Neither, and perhaps more importantly, has the CHP formulated a social and economic alternative that would have appealed to the working and lower middle classes. İnce made some inroads among the working class, even though the historical pattern – with the working class voting for the right — remained unaltered; nonetheless, his campaign showed the way for the future: clearly, not appearing as yet another secularist who despises the broad masses and who instead speaks of social justice and income equality holds a promise of electoral success. Indeed, this was already demonstrated in the 1970s, when the CHP had a leader who took issue not with Islam, but with social and economic injustices; back then, it was the social democrats that carried the religiously conservative strongholds of Turkey.

Changing the historical electoral pattern that has kept conservatives in power for seventy years is going to require an alternative that addresses social and identity issues in equal measure. A fairly good indication of what it would take to change decisive voter choices is offered by the vote of the 11 million house wives, who in their majority belong to the working and lower middle classes. Of all groups in Turkish society, Erdoğan enjoyed the strongest support among them; he carried the house wives with 60 percent, while İnce received 28 percent of their votes, with Meral Akşener, the leader of the Good Party, and the only female presidential candidate, received merely 5 percent. The house wives are worried conservatives: they are concerned about the economy, seeing the rising prices on household products, but surveys show that what was decisive for them was their fear that if Erdoğan had lost, their daughters who wear the headscarf would no longer be admitted to universities, be hired in the police force or as teachers.

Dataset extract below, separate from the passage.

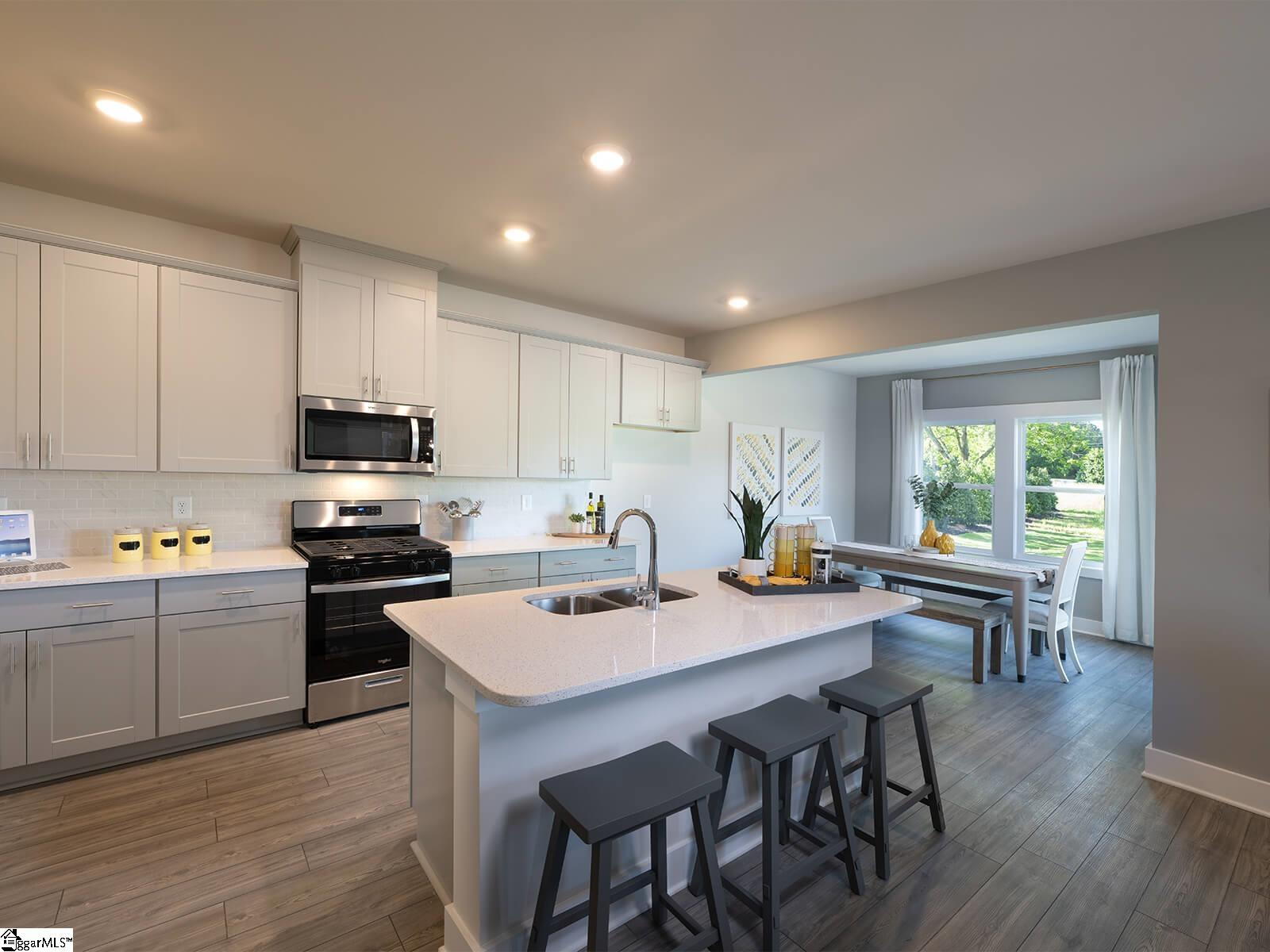 985 Penfold Pointe Pointe Property Photo 8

Muharrem İnce showed that he understands that social democrats need to allay the identity fears of the pious masses and address social and economic concerns if there is going to be change, but his performance after the election has been less than promising. It suggests that if change is to be, it is not going to be led by İnce. A little too quickly, he sought to capitalize on his moderate success by making an unsuccessful bid for the CHP leadership, asking Kemal Kılıçdaroğlu to step aside in his favor, even though he had vowed during the campaign that he would not seek the party leadership. He attacked a critical journalist, saying that he was “dishonorable” and that “people should behave and not cause trouble for myself.” The politician who for a brief moment had come to embody the hope of change was not so different, after all.

Though not impossible, change remains an unlikely prospect in Turkey.